Tips to Overcome Burnout for Swim Coaches

Every gig comes with a risk of burnout, especially if you stick with it year after year. Teachers and coaches of all different types can be particularly at risk, since there’s often lots of emotional stress on top of the usual mental stress of a job. And of course, while working with youth is incredibly rewarding, it’s also really difficult at times.

Managing the struggles and coping with the stress are essential to overcome burnout for swim coaches. There are plenty of ways to do this, and they’ll help keep you coaching as effectively and positively as possible for the long haul. But if you neglect your mental health on the job, it easily starts creeping into your coaching and negatively affecting your performance—and your swimmers’.

So, take a look at these tips to overcome burnout for swim coaches, and take them to heart. And put them to practice. Because all great coaches keep practicing in addition to giving instruction.
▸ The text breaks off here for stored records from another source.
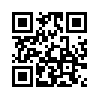 QR kod link ka mobilnoj verziji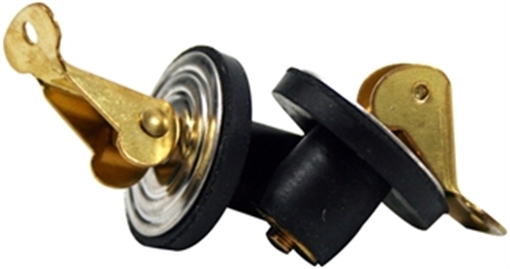 Picture of SEA SENSE BAITWELL PLUG 5/8" 1PAIR 50032342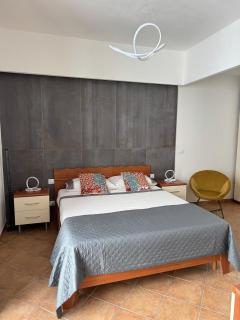 Domus Vucciria - 5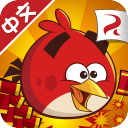愛游戲網(wǎng)站appV15.84.6免費版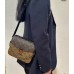 Louis Vuitton LV Pochette Metis M11941 Shoulder Bag Crossbody Bag LLBGA83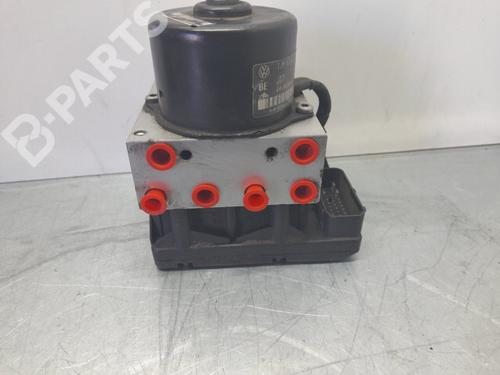 ABS pump AUDI A3 (8L1)  | BP8885841M43 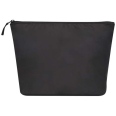 Swift GRS Recycled Toiletry Bag Set 3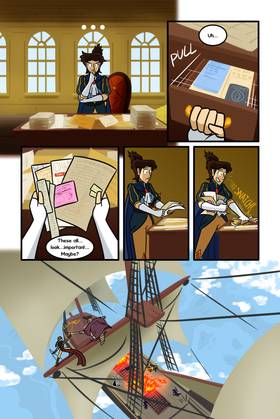 Read Hex 1979  13 Page 10 in English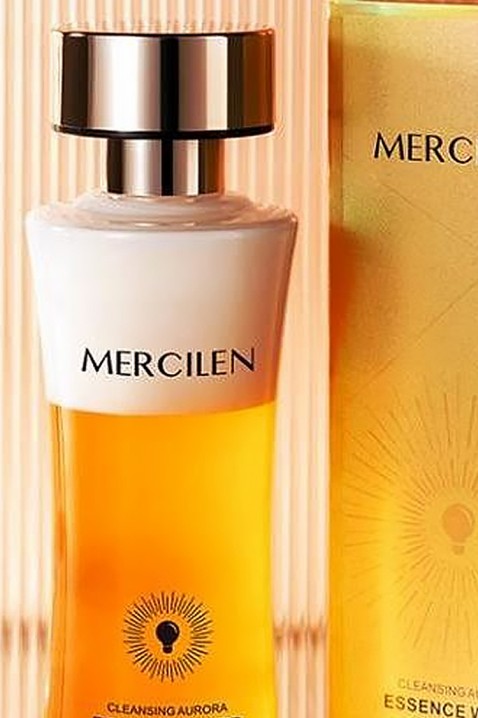 Voda za čišćenje MERCILEN Essence WaterIVET.HR - MODERNA ODJEĆA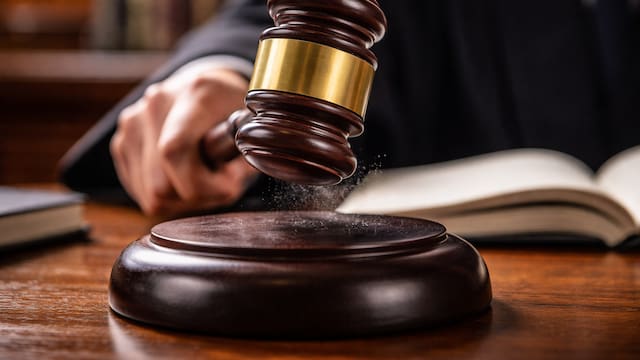 Ya es oficial | La Corte Suprema emitió un fallo histórico que cambia el trámite del pasaporte y ahora será más flexible en todos estos casos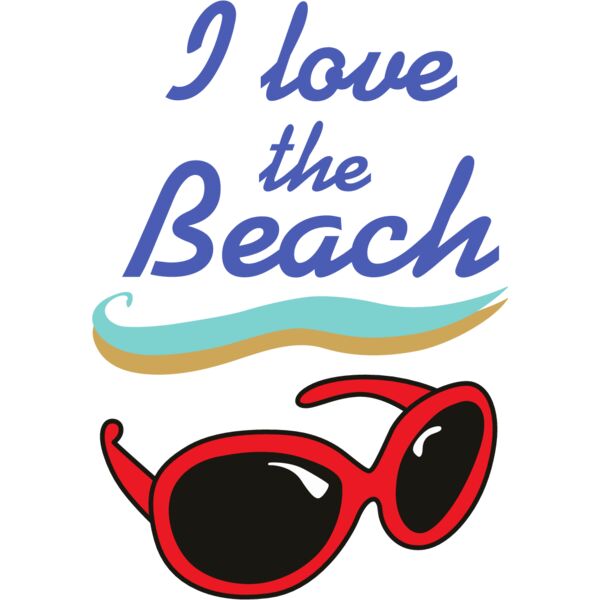 PG76624 Miniaturansicht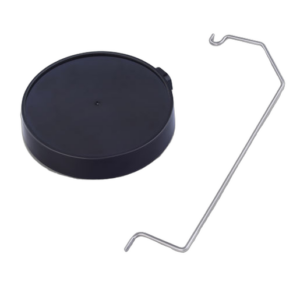 Density Determination Kit Scout DMX ID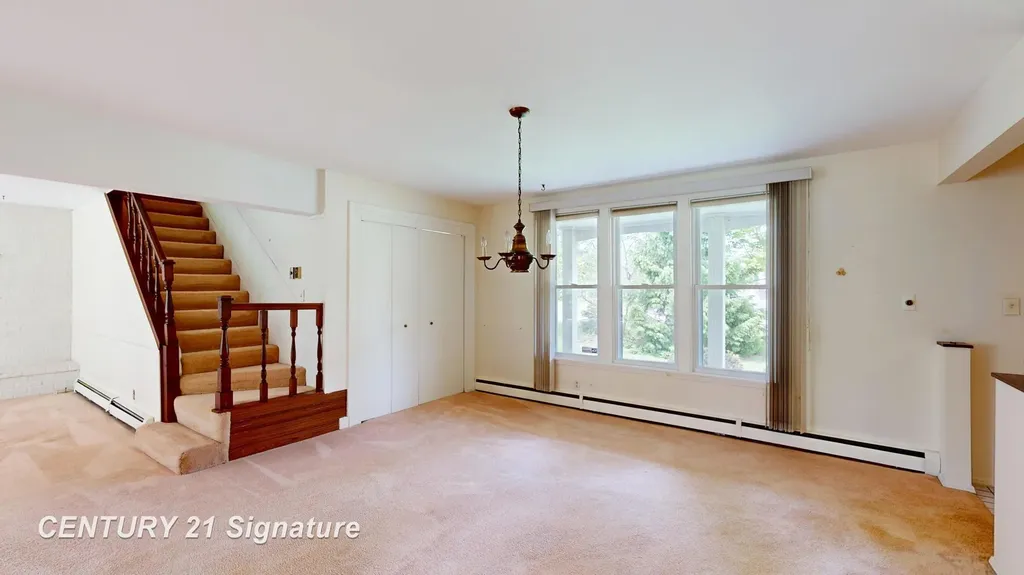 5501 Calkins Road Flint Charter Township MI 48532
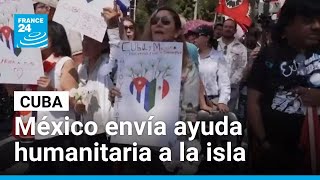 Thumbnail del capítulo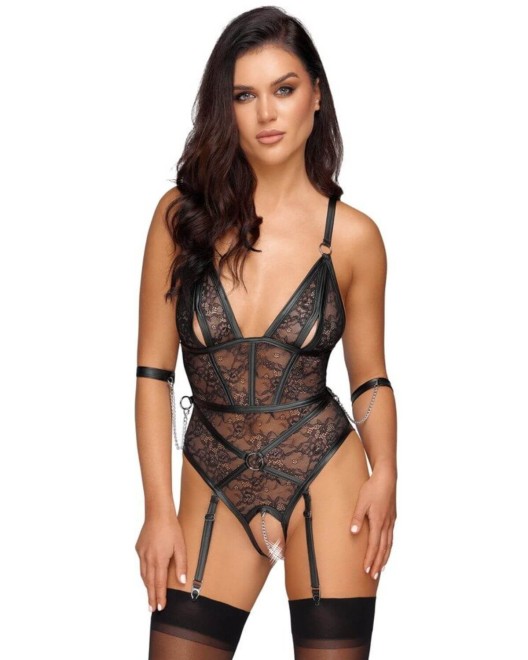 body-porte-jarretelles-ouvert-bondage-cottelli-collection-3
Strategies to Beat Burnout for Swim Coaches

  • Make an honest assessment of what’s draining you; for example, is it the number of hours you’re putting in at the pool? Piles of paperwork? A difficult swimmer or parents? Financial stress?
  • Focus in on addressing the factors that are most strongly causing you to feel burned out, frustrated, or otherwise unhappy; for example, would an assistant (even a volunteer) make things more manageable for you? Is it time to lay down the law or exercise options like suspension with a swimmer or parent to deal with a disruption to the team? Can you pull in more income by giving private swim lessons?
  • Talk about what you’re struggling with to a friend, family member, or another coach (one with more experience or time as a coach may be particularly helpful).
  • Make a list of everything you love about being a swim coach; keep it and refer to it when you’re feeling down.
  • Alter the regular team workouts and routines to cut back on boredom and give things a fresher feel.
  • Consider some fun non-swimming team-building exercises or social activities to promote bonding while changing things up.
  • Talk to your swimmers about what they like and don’t like about how things run. Build on the common enthusiasm you hear and look at how you can improve things for everyone—which will in turn improve things for you.
  • Attend some workshops, seminars, training, continuing education courses, or other professional development opportunities.
  • Take a little time off and spend it doing a leisure activity you’re passionate about.